The problem
As you restate the entries, keep every word intact and leave out whatever images they hold.

Recorded data
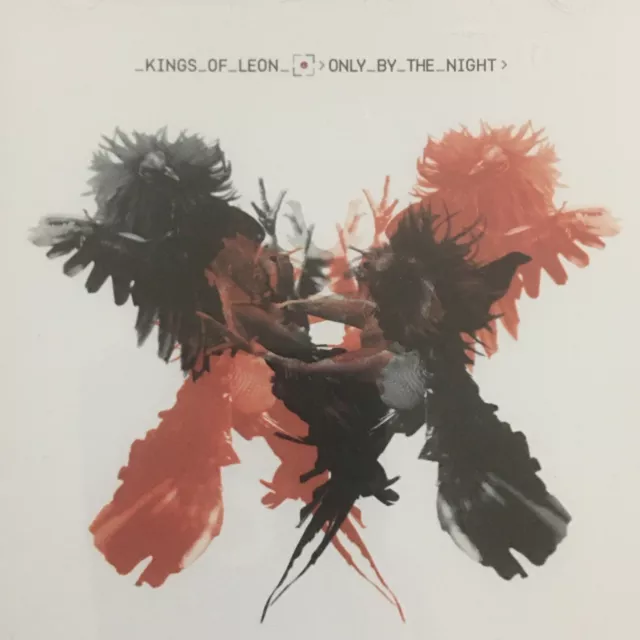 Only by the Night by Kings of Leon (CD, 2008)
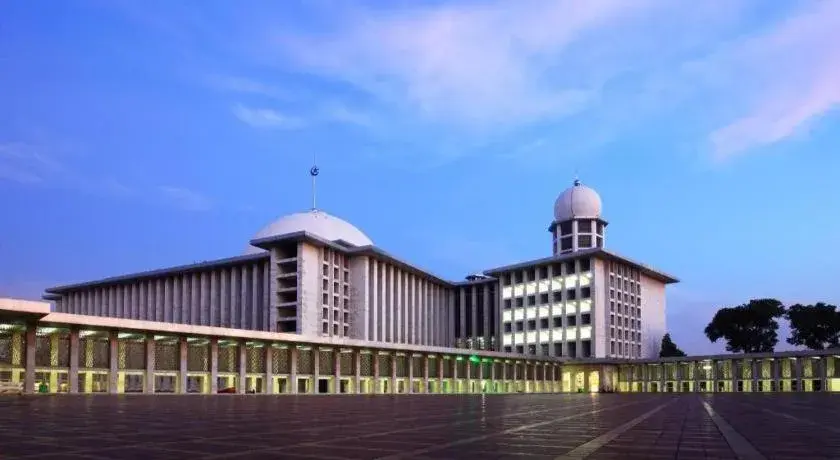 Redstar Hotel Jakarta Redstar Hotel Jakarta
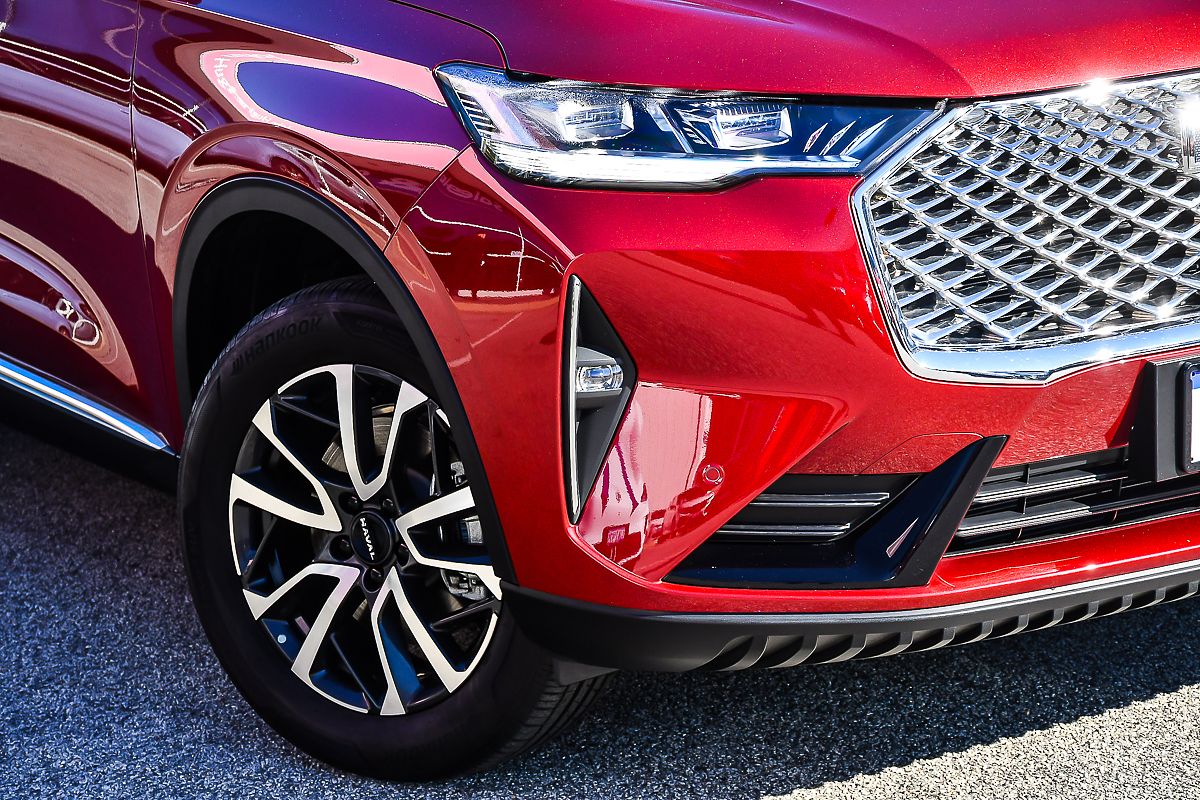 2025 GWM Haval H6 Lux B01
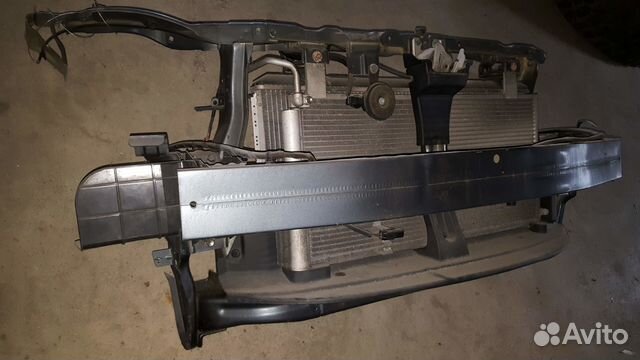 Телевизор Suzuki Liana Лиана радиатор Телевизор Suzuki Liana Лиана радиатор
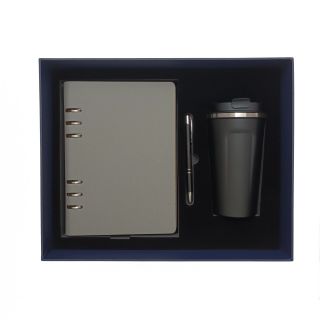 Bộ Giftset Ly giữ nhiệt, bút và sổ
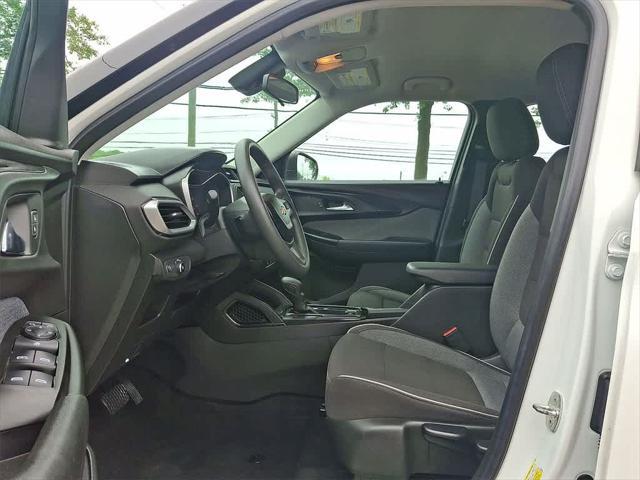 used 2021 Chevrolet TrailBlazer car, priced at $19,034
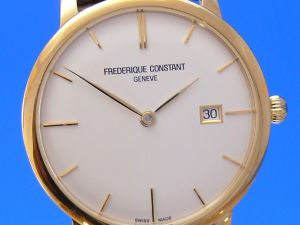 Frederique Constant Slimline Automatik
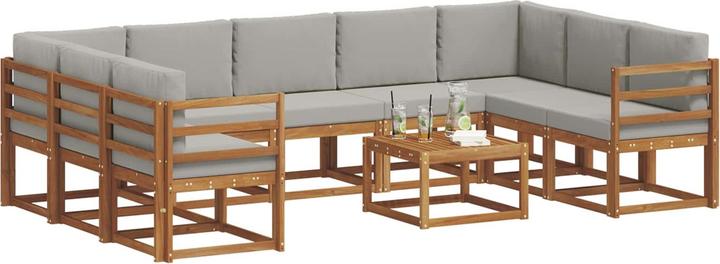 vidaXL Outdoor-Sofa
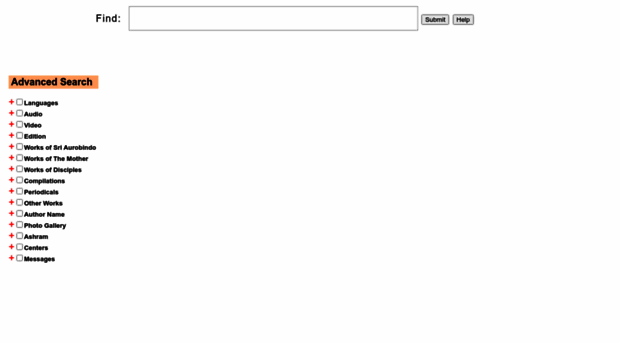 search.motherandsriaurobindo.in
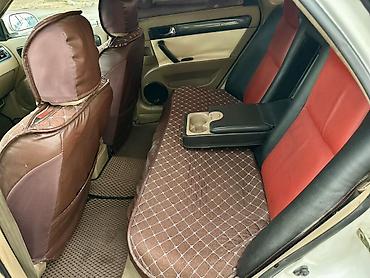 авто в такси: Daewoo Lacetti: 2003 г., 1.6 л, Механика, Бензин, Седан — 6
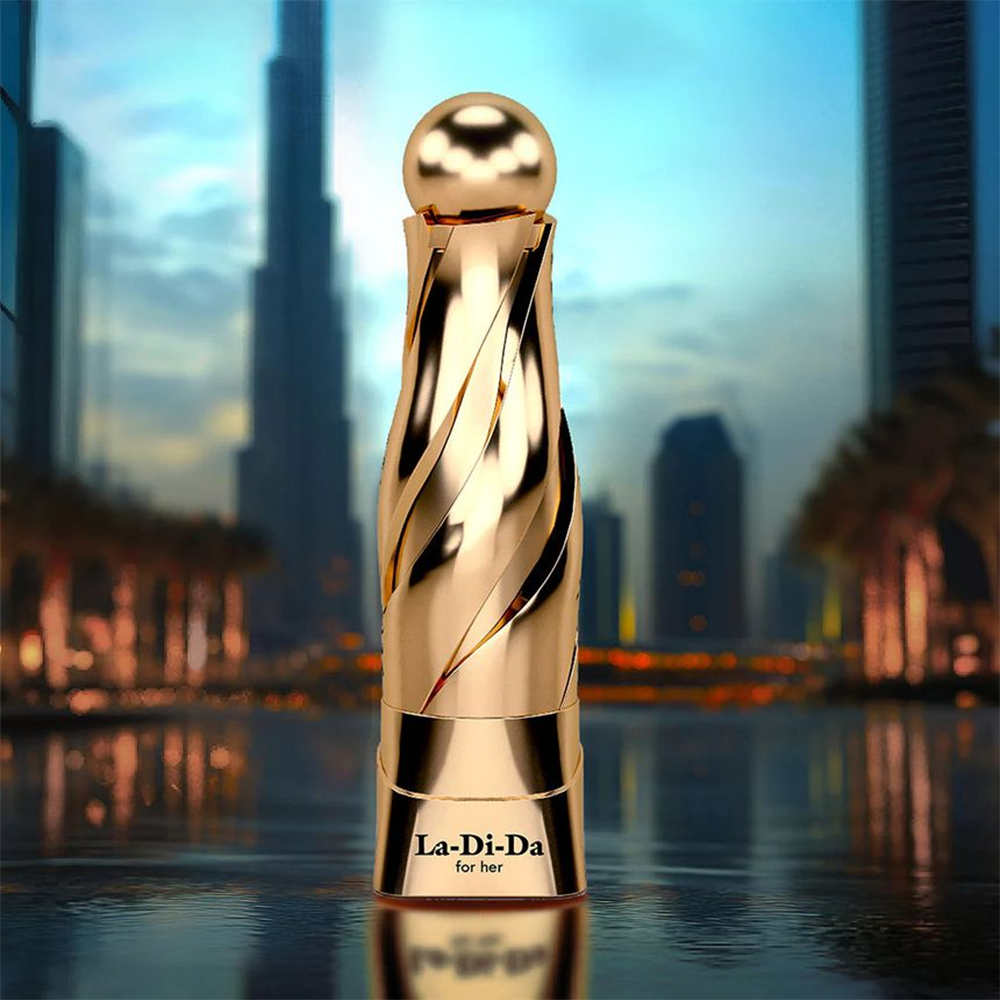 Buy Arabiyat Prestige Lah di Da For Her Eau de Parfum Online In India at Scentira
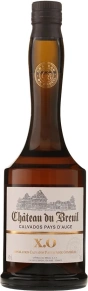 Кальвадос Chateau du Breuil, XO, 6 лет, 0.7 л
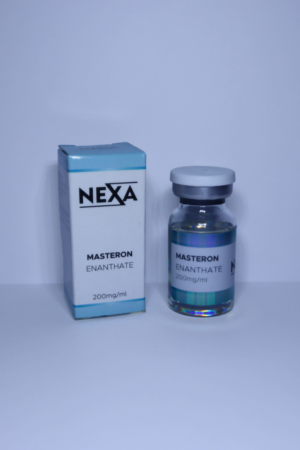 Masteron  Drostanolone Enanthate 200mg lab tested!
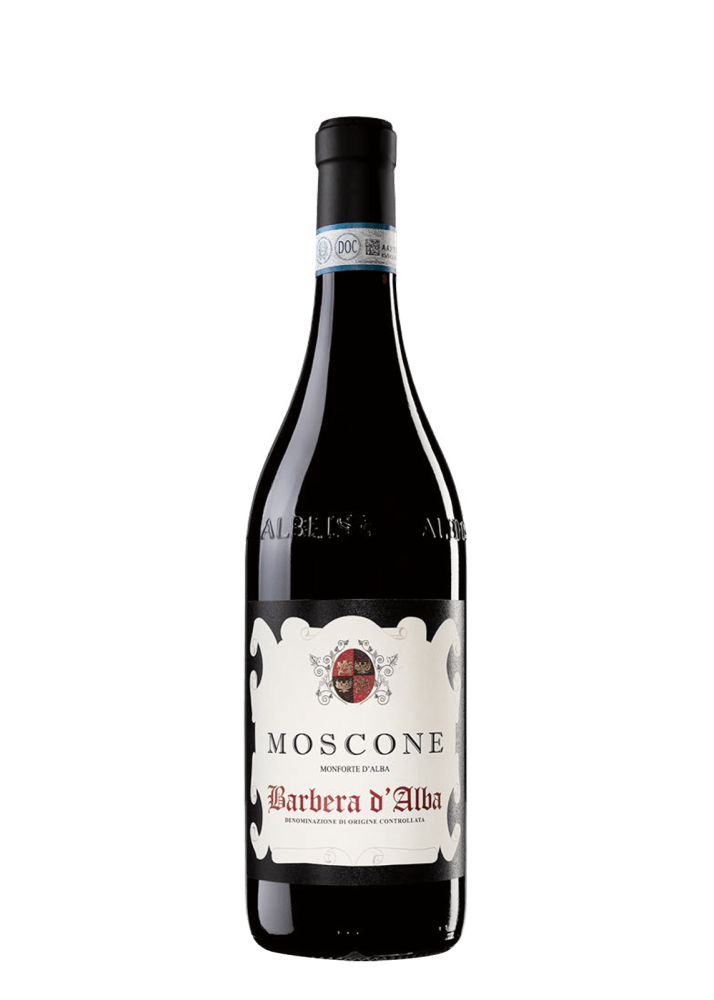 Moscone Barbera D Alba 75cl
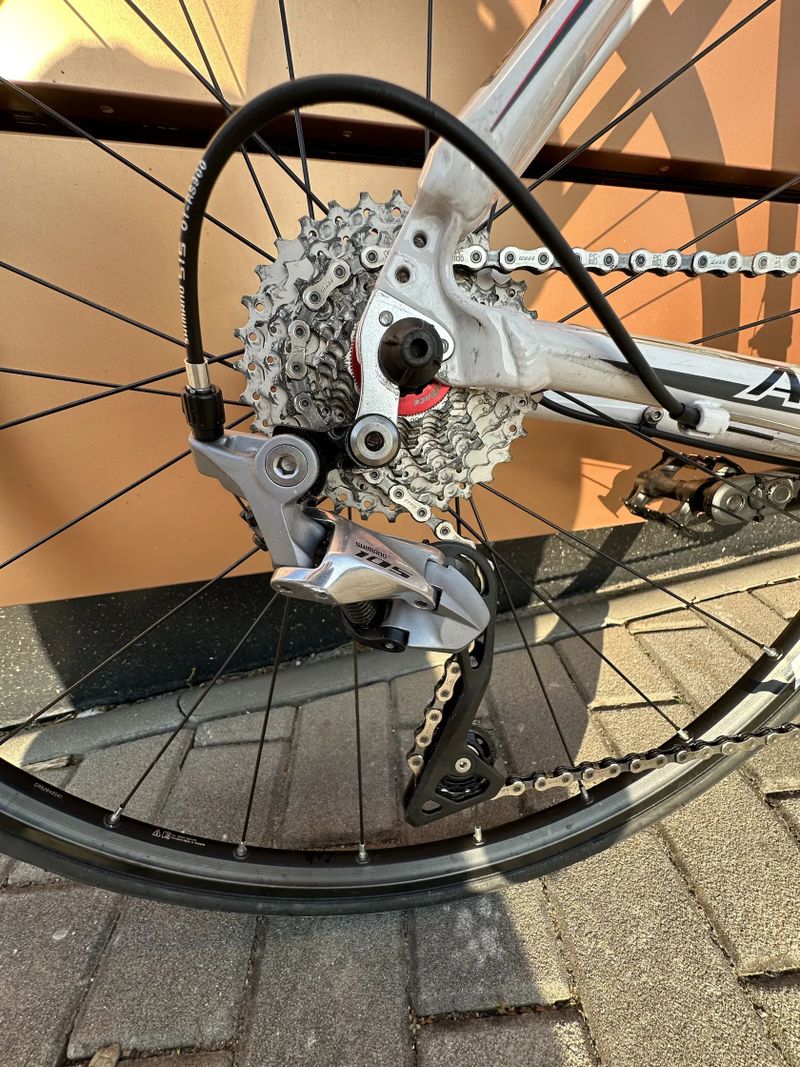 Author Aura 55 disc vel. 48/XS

Expected answer
 Only by the Night by Kings of Leon (CD, 2008)
 Redstar Hotel Jakarta Redstar Hotel Jakarta
 2025 GWM Haval H6 Lux B01
 Телевизор Suzuki Liana Лиана радиатор Телевизор Suzuki Liana Лиана радиатор
 Bộ Giftset Ly giữ nhiệt, bút và sổ
 used 2021 Chevrolet TrailBlazer car, priced at $19,034
 Frederique Constant Slimline Automatik
 vidaXL Outdoor-Sofa
 search.motherandsriaurobindo.in
 авто в такси: Daewoo Lacetti: 2003 г., 1.6 л, Механика, Бензин, Седан — 6
 Buy Arabiyat Prestige Lah di Da For Her Eau de Parfum Online In India at Scentira
 Кальвадос Chateau du Breuil, XO, 6 лет, 0.7 л
 Masteron  Drostanolone Enanthate 200mg lab tested!
 Moscone Barbera D Alba 75cl
 Author Aura 55 disc vel. 48/XS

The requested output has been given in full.